---------- Material for this task

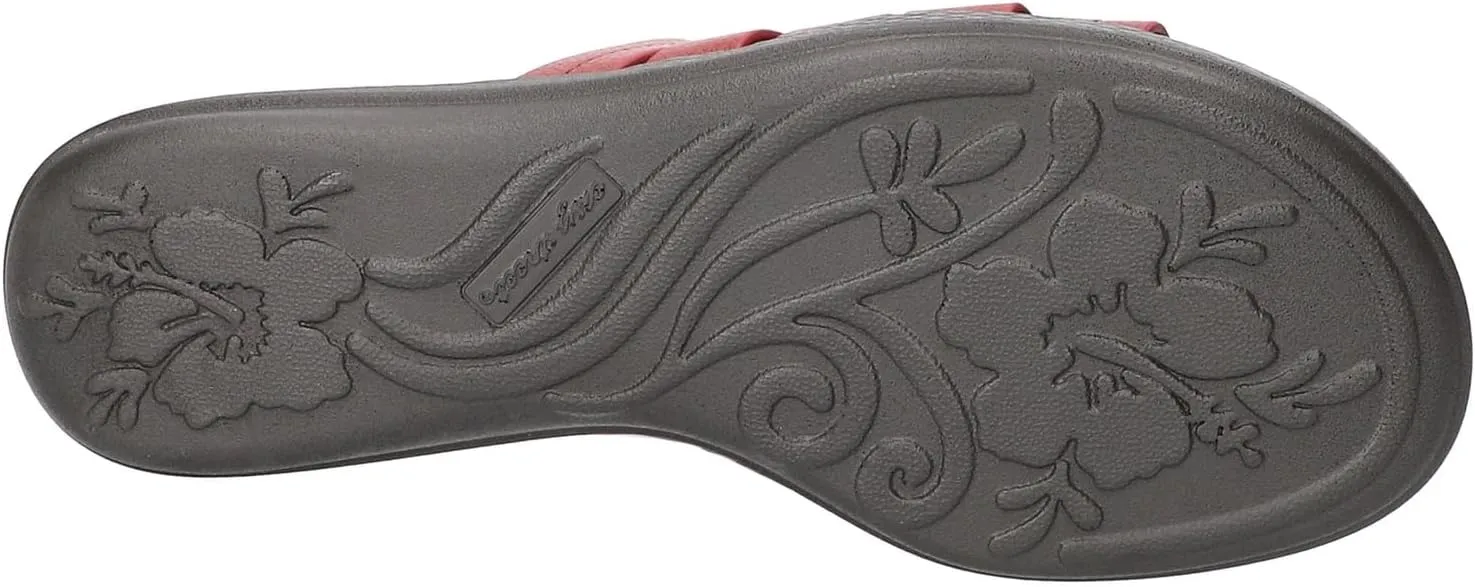 Easy Street Women's Maha Slide Sandal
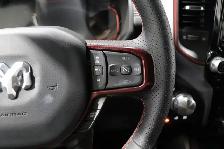 2026 Ram 1500 Rebel 4x4 - Photo 19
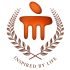manipal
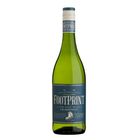 SA08 Footprint The Long Walk Chardonnay 750ml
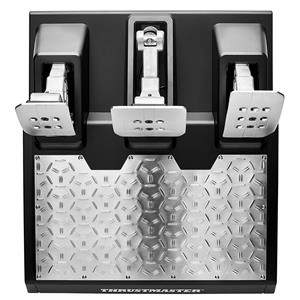 THRUSTMASTER T-LCM PS/XBOX/PC Pedal Seti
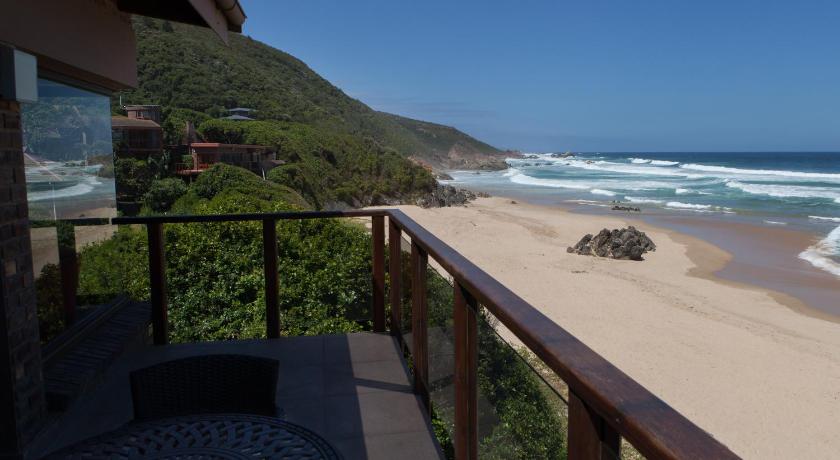 Archrock Resort photo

--------------------

= Problem requirements =
Copy out the lines exactly as written, beginning with the one that contains "SA08 Footprint The" and ending with the last line of the material; do not include pictures.

= Written solution =
 SA08 Footprint The Long Walk Chardonnay 750ml
 THRUSTMASTER T-LCM PS/XBOX/PC Pedal Seti
 Archrock Resort photo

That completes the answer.